Take Hariyali Kisaan Bazaar, a company that has a chain of more than 300 rural stores. Each store offers one-stop shopping for country dwellers needing everything from farming equipment, seeds and fertiliser to apparel, TVs and shampoo. But the company is also a pioneer in business model innovation, offering an array of bundled services to rural consumers and farmers, including financial and agricultural advice. It employs agronomists to educate farmers on how to improve productivity and yield. These experts interact with farmers on a daily basis, helping them extract more value from their produce through better storage and through selling to higher-price markets.
The bundled services have helped increase rural households’ incomes — which in turn has expanded demand for the consumer products sold at Hariyali Kisaan Bazaar centers. By creating and transferring value from its innovative business model to rural households, the company is now selling a larger suite of consumer products per household to a greater number of households.
Once the focus of the innovation effort is determined, the second step is to design a business model capable of democratising innovation needs. Such a business model will not only benefit a large number of prospective customers from low-income and geographically remote populations, but will also involve this section of society in the innovation process by recognising their ideas.
India’s largest retail house Future Group has tied up with India’s National Innovation Foundation (NIF) to commercialise grass-root ideas by creating products to be sold at its outlets. The joint initiative, called ‘Khoj Lab’, will apply Future Group’s consumer insight, marketing, and distribution strength to the ideas of innovators associated with NIF, with the goal of launching affordable products. The company is allowing innovators to test prototypes at Big Bazaar stores in Ahmedabad, such as the Mitti cool refrigerator and Mitti cool non-stick pan. The original creators of the products will retain intellectual property rights and get a royalty percentage on sales.
The final step is to align the operating model with the inclusive business model. In essence, companies must embed a spirit of inclusiveness across elements of the operating model (leadership, organisational architecture, talent and metrics), and cultivate a culture that is aligned with the organisation’s inclusive growth objectives.

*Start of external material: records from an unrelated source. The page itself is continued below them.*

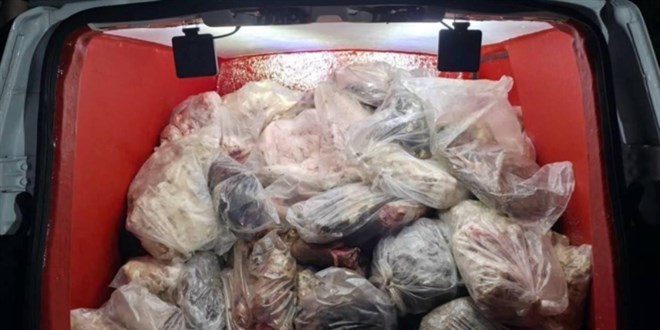 Diyarbak�r'da 820 kilo men�ei belirsiz i�ya� ve sakatat ele ge�irildi - Son Dakika Haber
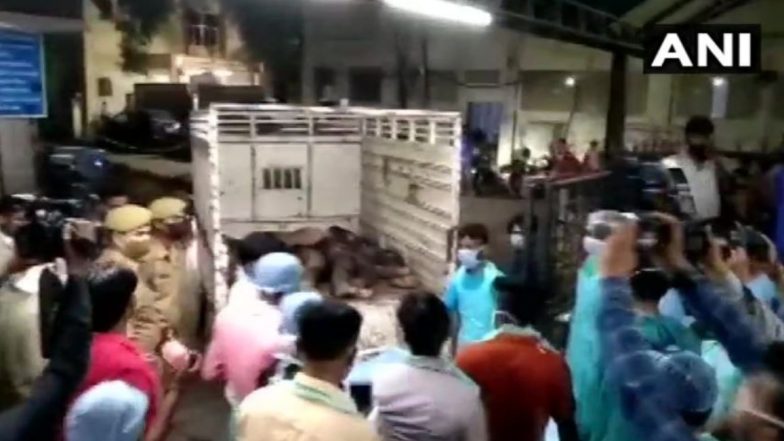 कानपुर सड़क दुर्घटना में जान गंवाने वालों के परिजनों को 2-2 लाख रुपए देने का पीएम मोदी ने किया ऐलान, अमित शाह ने व्यक्त की अपनी संवेदना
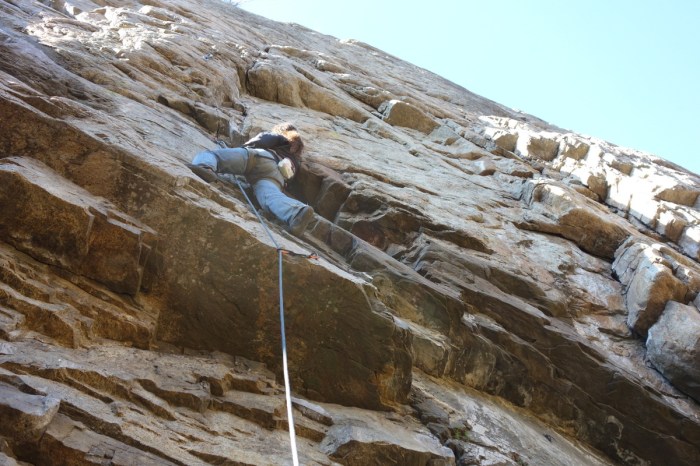 Jaime working up the wall at Skaha Bluffs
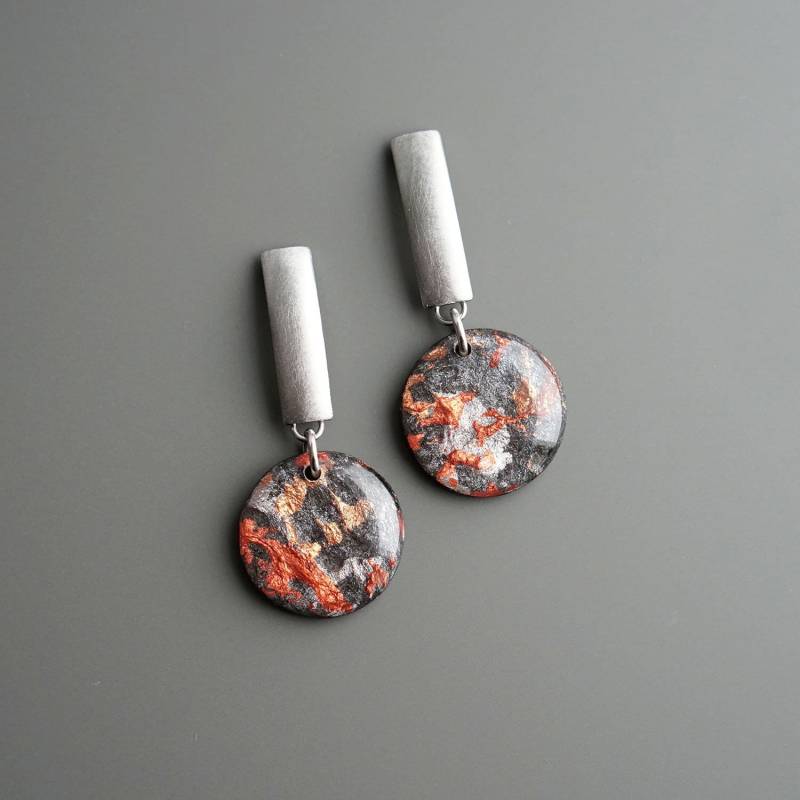 Moderne Mixed Media Ohrhänger, Abstrakte Schmuck Handgemacht Aus Recyceltem Papier, Kunstharz Und Chirurgenstahl, Geschenk Für Die Frau von STUDIOblureco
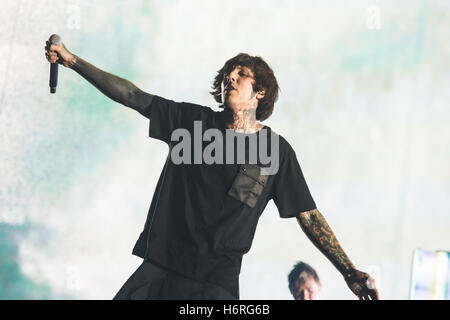 Londres, Royaume-Uni. 31 octobre 2016 - Oliver Sykes, Jordanie, poisson Lee Malia, Matt Kean et Matt Nicholls du groupe de metalcore britannique, Bring Me The Horizon, faire un show spécial Halloween au London O2 Arena, 2016 Credit : Myles Wright/ZUMA/Alamy Fil Live News Banque D'Images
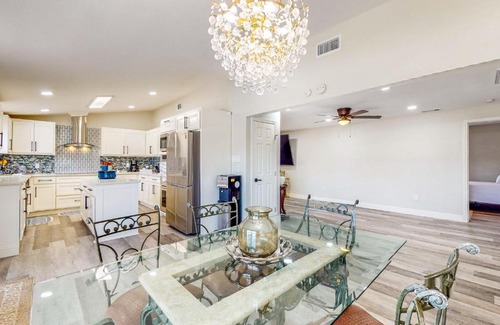 Quinlan House | Lake Tawakoni Thrill Main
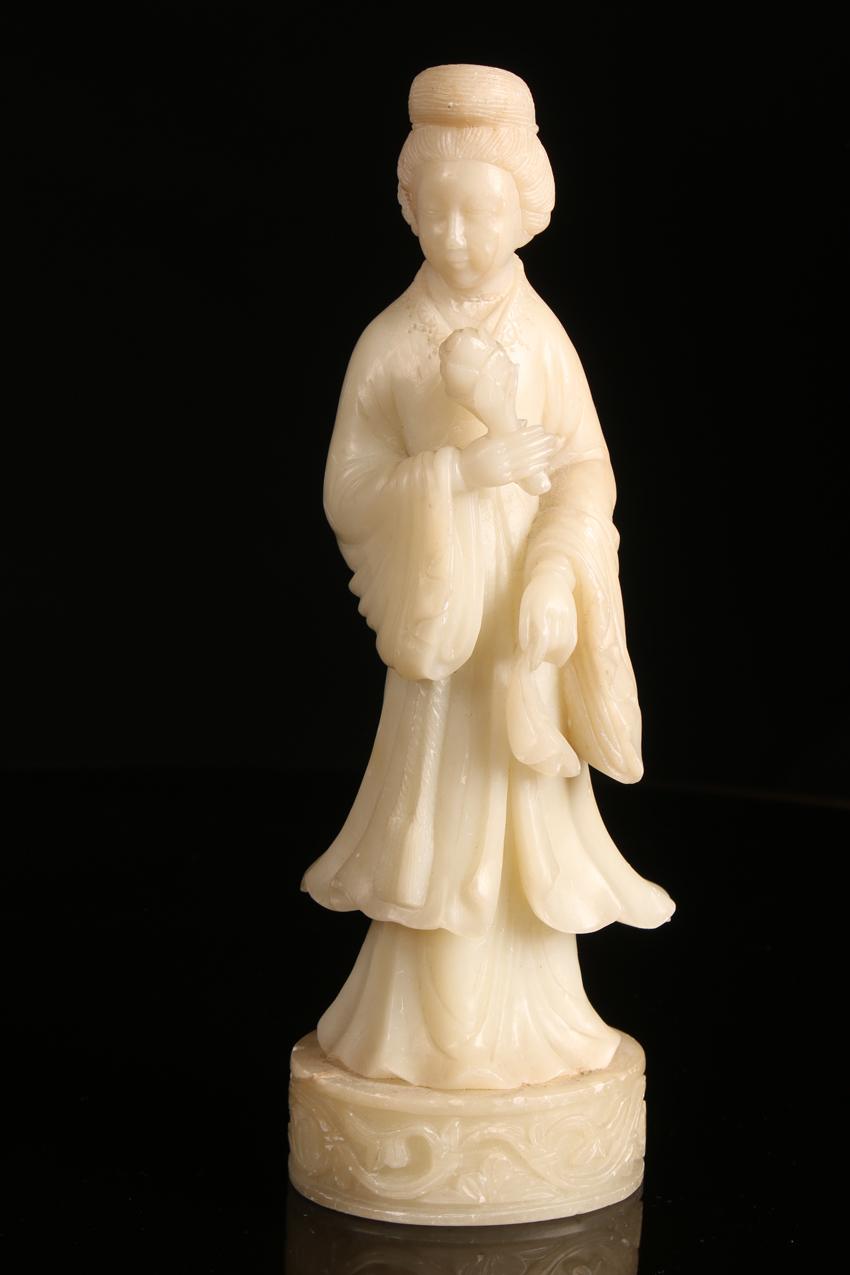 Kiinalainen saippuakivi figuuri / Chinese carved soapstone figure of woman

Instilling fearlessness and encouraging rebound from failures is a vital stimulant to innovative thinking among people. In 2007, The Tata Group Innovation Forum added an unusual category of recognition to its group-wide Innovista programme. The category was named ‘Dare to Try’, a category under which teams within group companies were asked to send in innovations that failed to get to the marketplace for some reason. By instituting such an award, the group has found a way to reward risk takers and extinguish the fear of failure. Innovators in the company now have a platform to discuss their failures. Moreover, such a process has allowed space within group-companies for ‘creative errors’ largely resulting from changing market circumstances and factors beyond human control.
Leadership plays an extraordinarily important role in winning minds over to an inclusive belief structure. The board and top executives need to spend quality time in identifying leaders capable of framing compelling business questions about inclusive markets for the consideration of cross-functional teams. More importantly, organisational roles need to expand in terms of the type of activities performed, with a goal of becoming closer to the market. This requires senior leaders to be more hands-on in devising inclusion strategies.
Companies need to shorten the communications route between lower, market-facing levels and the top management for faster exchange of ideas and feedback. Moreover, flows of information and instructions have to be increasingly multi-directional to help senior leadership better understand the complex market while designing business plans. ITC Ltd achieved this result by continuously renewing and aligning its organisational architecture to keep pace with its evolving inclusive business e-Choupal.
The type of metrics used to measure organisation and workforce performance also reflects a company’s commitment to its inclusive growth. Purely financial indicators do not fully capture an inclusive business model’s progress toward commercial viability. It is also useful to look into ways to measure the strength of the value proposition vis-á-vis low-income groups or geographically remote communities. For example, it is useful to know the size of the real income differential over the long term from an inclusive intervention as compared with alternative economic arrangements. The impact such a differential creates on aggregate market demand is also useful to know.
Democratising innovation holds tremendous power for the Indian economy. There are thousands of innovators across the country — working on their own or within corporate workforces — on ideas that have the potential to substantively improve the quality of governance and magnitude of corporate profitability. While these innovators can accomplish impressive things acting independently, they can transform the society if they collaborate via a structured innovation process that can channel their best ideas. To remain competitive as a nation and create an inclusive society, it’s time we start taking measures to democratise innovation from today.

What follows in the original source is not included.